==== PROVIDED RECORDS ====

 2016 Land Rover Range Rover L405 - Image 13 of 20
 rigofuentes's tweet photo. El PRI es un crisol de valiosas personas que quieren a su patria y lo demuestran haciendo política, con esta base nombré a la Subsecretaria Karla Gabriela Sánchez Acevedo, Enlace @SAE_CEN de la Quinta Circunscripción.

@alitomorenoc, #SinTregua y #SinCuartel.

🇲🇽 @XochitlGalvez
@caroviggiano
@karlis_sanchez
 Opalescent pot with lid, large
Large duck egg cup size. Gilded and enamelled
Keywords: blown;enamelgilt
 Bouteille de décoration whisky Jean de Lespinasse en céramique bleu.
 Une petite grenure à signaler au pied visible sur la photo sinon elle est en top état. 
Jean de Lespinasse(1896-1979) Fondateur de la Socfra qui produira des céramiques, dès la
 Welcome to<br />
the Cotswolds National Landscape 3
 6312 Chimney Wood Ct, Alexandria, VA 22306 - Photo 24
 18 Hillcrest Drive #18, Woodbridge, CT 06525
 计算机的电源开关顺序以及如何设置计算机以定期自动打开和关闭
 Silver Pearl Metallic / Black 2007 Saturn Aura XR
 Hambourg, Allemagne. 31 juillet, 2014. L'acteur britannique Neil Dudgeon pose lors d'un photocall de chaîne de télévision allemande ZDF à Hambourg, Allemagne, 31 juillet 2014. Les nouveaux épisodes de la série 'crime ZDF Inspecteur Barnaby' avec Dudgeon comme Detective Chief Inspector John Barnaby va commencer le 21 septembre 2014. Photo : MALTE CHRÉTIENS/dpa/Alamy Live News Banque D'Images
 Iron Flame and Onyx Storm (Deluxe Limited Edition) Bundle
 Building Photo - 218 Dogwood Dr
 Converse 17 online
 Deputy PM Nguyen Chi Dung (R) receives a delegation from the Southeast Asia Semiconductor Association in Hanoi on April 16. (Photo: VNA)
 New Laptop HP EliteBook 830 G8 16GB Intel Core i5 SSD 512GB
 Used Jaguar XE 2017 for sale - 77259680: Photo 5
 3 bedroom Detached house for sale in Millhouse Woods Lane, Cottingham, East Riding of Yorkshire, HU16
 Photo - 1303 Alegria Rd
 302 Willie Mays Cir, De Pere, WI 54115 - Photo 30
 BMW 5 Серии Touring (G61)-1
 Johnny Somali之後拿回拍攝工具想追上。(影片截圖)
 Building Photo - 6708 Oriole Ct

====

# [ASSIGNMENT]
The reply should hold only how many lines in the material include the word "Lespinasse".

# [OUTPUT OF THE EXERCISE]
2